Die  Verwaltung wird beauftragt, diese Regelungen, wie unter Ziffer II der Begründung dargestellt, örtlich umzusetzen und dem Ausschuss laufend zu berichten.       

 

 

 

Begründung:

 

I.   Problem

Am 01.10.2014  ist  als Zusammenfassung von Wohn- und Teilhabegesetz  und  bisherigem Landespflegegesetz das neue GEPA NRW in Kraft getreten. Die bisher getrennten gesetzlichen Grundlagen sind  nun im GEPA der  Artikel 1 „Alten- und Pflegegesetz“ (APG) und der  Artikel 2 „Wohn und Teilhabegesetz“ (WTG).  Hierzu wurden zudem bereits Durchführungsverordnungen beschlossen und verkündet, die WTG-DVO und die APG-DVO.

 

Das neue  GEPA umfasst damit einerseits die  planerischen und förderrechtlichen Grundlagen und andererseits die ordnungsrechtlichen Standards für die Gestaltung von Wohn- und Betreuungsangeboten.     

 

Zu unterscheiden ist, dass das WTG weiterhin  „Pflichtaufgabe zur Erfüllung nach Weisung“ ist,  während das APG „Kommunale Selbstverwaltungsaufgabe“ bleibt. Damit liegen auch die wesentlichen örtlichen Gestaltungsspielräume  und Entscheidungsnotwendigkeiten in diesem Gesetzesteil. Gegenüber dem bisherigen Landpflegegesetz  treten dabei wichtige Neuerungen mit Blick auf die Planung, Abstimmung und Förderung der kommunalen Angebotslandschaft in Kraft. Folgende Punkte sind dabei besonders zu nennen:

 

1.    Kommunaler Sicherstellungsauftrag und  Wiedereinführung der pflichtigen kommunalen Pflegeplanung

Nach § 4 APG sind die Kreise und kreisfreien Städte verpflichtet unter Einbeziehung der Kommunen, eine örtlich bedarfsgerechte, pflegerische Angebotsstruktur zu schaffen. Soweit flankierende, vorpflegerische Angebote dazu beitragen, den Bedarf an Pflegeangeboten zu verringern, sind diese in  den kommunalen Sicherstellungsauftrag integrierbar. Zur Umsetzung haben die Kreise und kreisfreien Städte nach  § 7 APG kommunale Pflegepläne zu erarbeiten, die eine Bestandsaufnahme der Angebote, die Feststellung des quantitativen und qualitativen Bedarfes enthalten und die Frage nach Maßnahmen klären, die zur Herstellung, Sicherung oder Weiterentwicklung von Angeboten erforderlich sind. Diese Angebote umfassen sowohl Wohn-und Pflegeformen, wie auch komplementäre Hilfen und zielgruppenspezifische Angebotsformen.

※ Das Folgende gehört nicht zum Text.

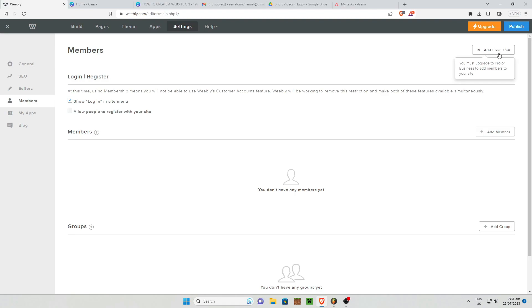You can also add a form or CSV if you want to add members or import members via CSV to your website.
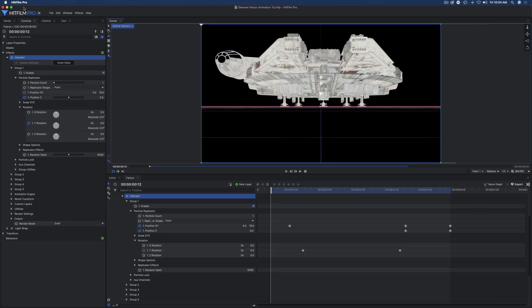Welcome to my little video here. I'm going to show you how to animate an Element 3D object or model in HitFilm without a 3D point.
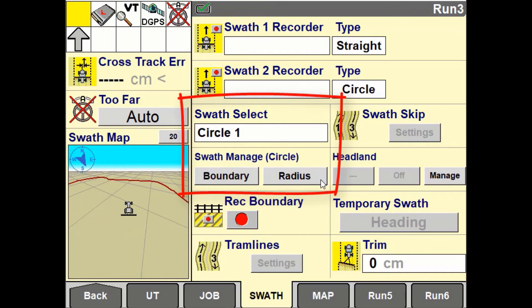If using the circle pattern, you will have the ability to create a boundary off the outer radius or edit the radius.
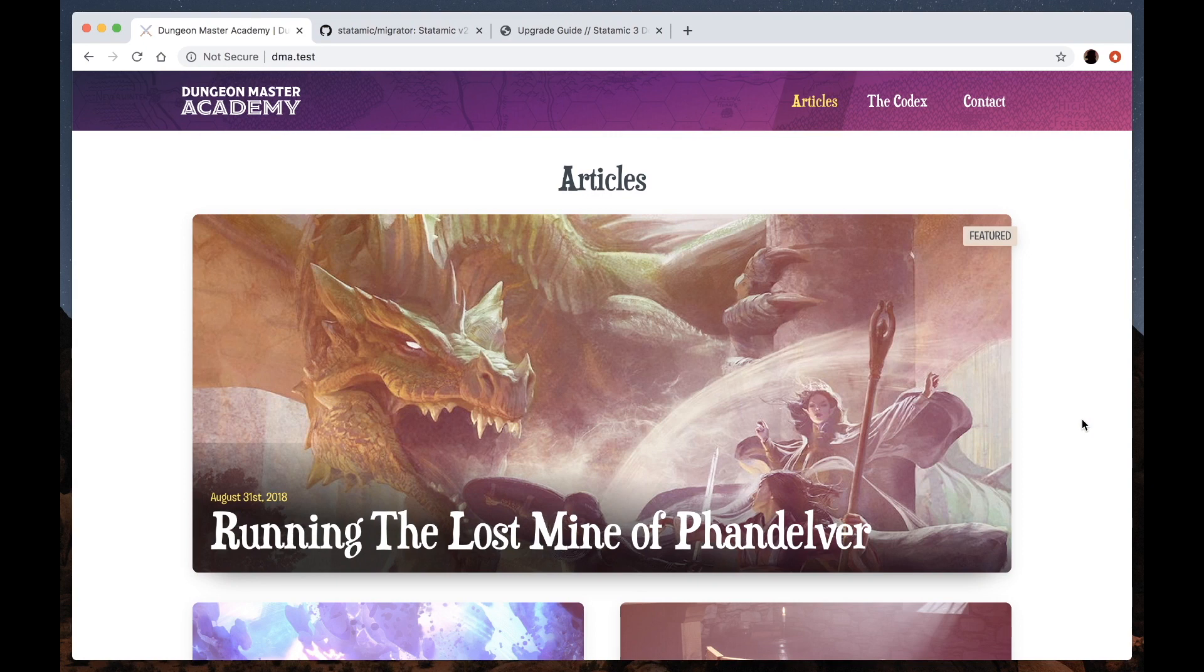Hi there, I'm Jesse. I work for Statamic, and today we're going to be migrating a Statamic v2 site to a v3 beta site.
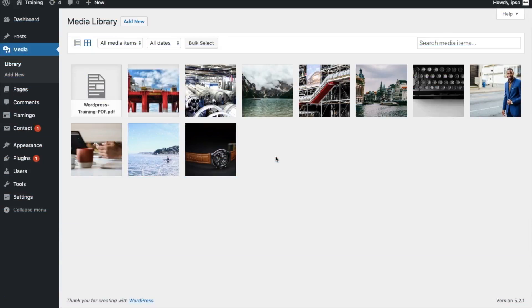Hi, this is Jordan from Ipso Creative, and in this video, we will be comparing the media libraries of two popular content management systems, WordPress and Umbraco.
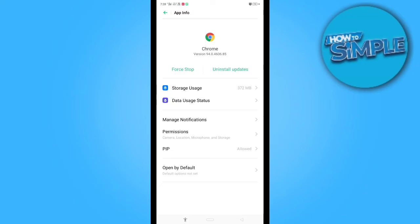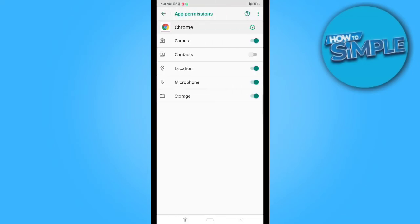The third option is to go to permissions and check whether your camera permissions are enabled for Google Chrome or not. For example, my contacts permission was not permitted, so I switched it on. You can check all the details for Google Chrome here. Thank you for watching — please subscribe to the channel if you liked it.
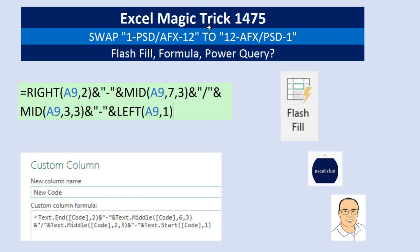Welcome to Excel Magic Trick number 1,475. In this video, we need to see how to swap this product code into this product code.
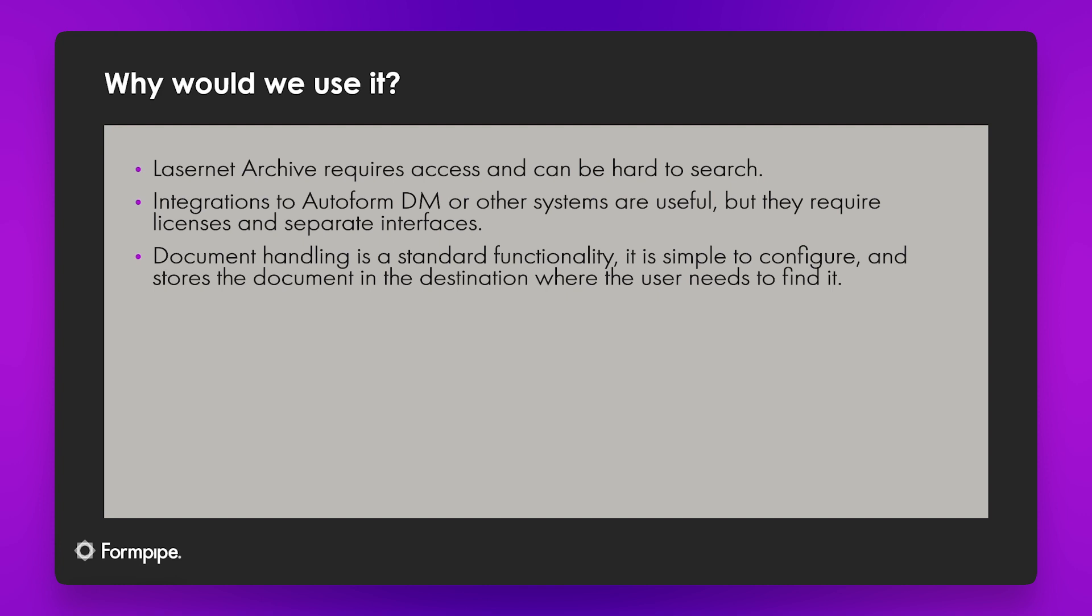We have other systems we can use for archiving. AutoForm DM for example provides excellent archiving functionality in conjunction with Lasernet but there is a license cost for that and it does require configuration. It also provides lots of functionality that some customers don't necessarily need. The same with SharePoint or file system integrations. There's costs, there's configuration involved and it could often be more complicated than people need.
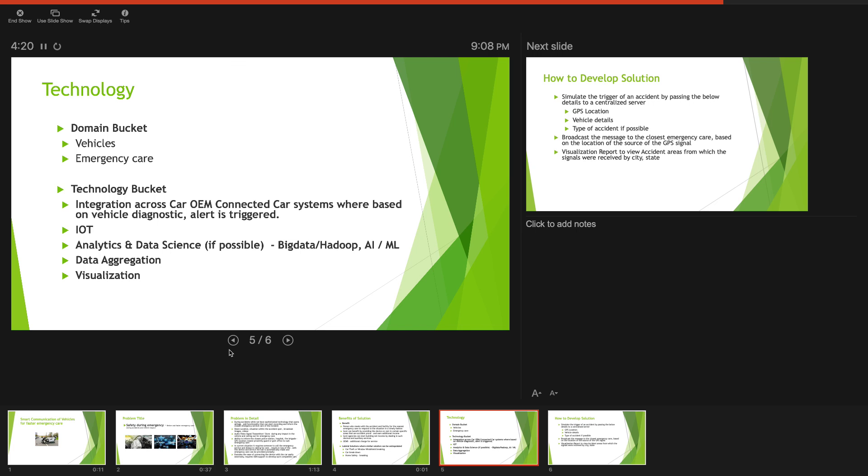There could be analytics, big data Hadoop where you could visualize aggregation data aggregation technologies by which you could aggregate all this data, you could cluster this to find out patterns of accidents and so on.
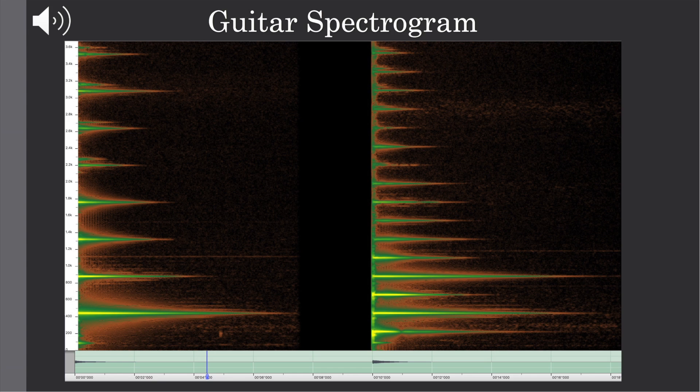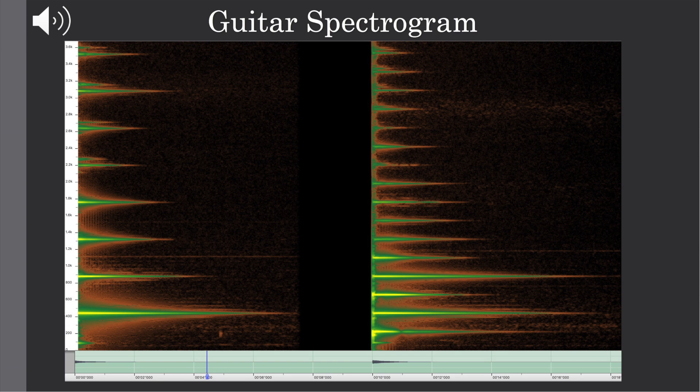So basically here we have a spectrogram of just a guitar pluck that kind of shows you the natural comb filtering effect, the way the harmonic partials naturally get cancelled out. And we can play that sound.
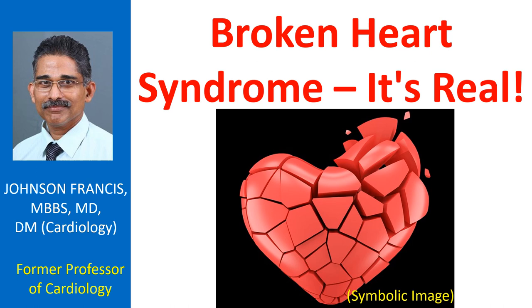News of the sudden death of a loved one or similar shocking news can really cause a broken heart. Broken heart syndrome, as they call it, is real, reversible and yet potentially deadly.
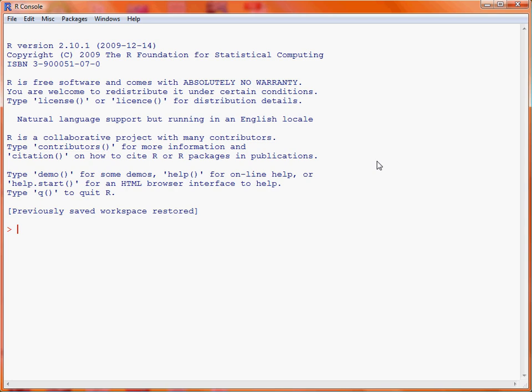If we're interested in getting the mean of the mean annual temperatures across that time period, we make use of a function called mean in R. We start with the function mean and then put in the name of the data object NHTemp, which stores the temperatures over that time period. R provides a very simple summary here, which tells us the mean temperature is 51.16 degrees Fahrenheit.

Die erste Vorlage einer Bedarfsplanung hat zum 31.12.2015 zu erfolgen und danach als regelmäßige Berichtslegung alle zwei Jahre.

 

2.    Die Option der verbindlichen Bedarfsbestätigung

Nach § 11 Abs. 7 APG kann der örtliche Sozialhilfeträger bestimmen, dass eine Förderung von zusätzlichen  teil- und vollstationären Pflegeeinrichtungen davon abhängig ist, dass hierfür  auf Grundlage der örtlichen Bedarfsplanung ein Bedarf bestätigt wird. Dies setzt voraus, dass die Bedarfsplanung gem. § 7 Abs. 6  APG vorher politisch als verbindlich beschlossen wurde.

 

3.    Die Neubenennung der Pflegekonferenz in „Kommunale Konferenz Alter und Pflege“ und die genauere Festlegung der Aufgaben und Mitglieder (§ 8)

Gemäß § 8 APG richten die Kreise und kreisfreien Städte Konferenzen ein, die „in der Regel“ zweimal Jährlich tagen. Aufgabenschwerpunkte sind insbesondere die Mitwirkung an der kommunalen Pflegeplanung und an der Ausgestaltung und Koordinierung der quartiersbezogenen Unterstützungsstrukturen. Eine weitere wichtige Aufgabe ist die Beratung aller teil- und vollstationären Investitionsvorhaben und  eine diesbezüglichen Bedarfseinschätzung.  Beschlüsse bzw. Beratungsergebnisse der Pflegekonferenz haben immer empfehlenden Charakter.

Bezüglich der Besetzung wurde die Liste möglicher Mitglieder ausgeweitet. Insbesondere hat in Kreisen nun jede politische Kommune grundsätzlich Anrecht auf eine Vertretung, soweit der Wunsch besteht.

 

4.    Verändertes Verfahren zur Investitionskostenförderung für Pflegeinrichtungen (§10 - 15 APG)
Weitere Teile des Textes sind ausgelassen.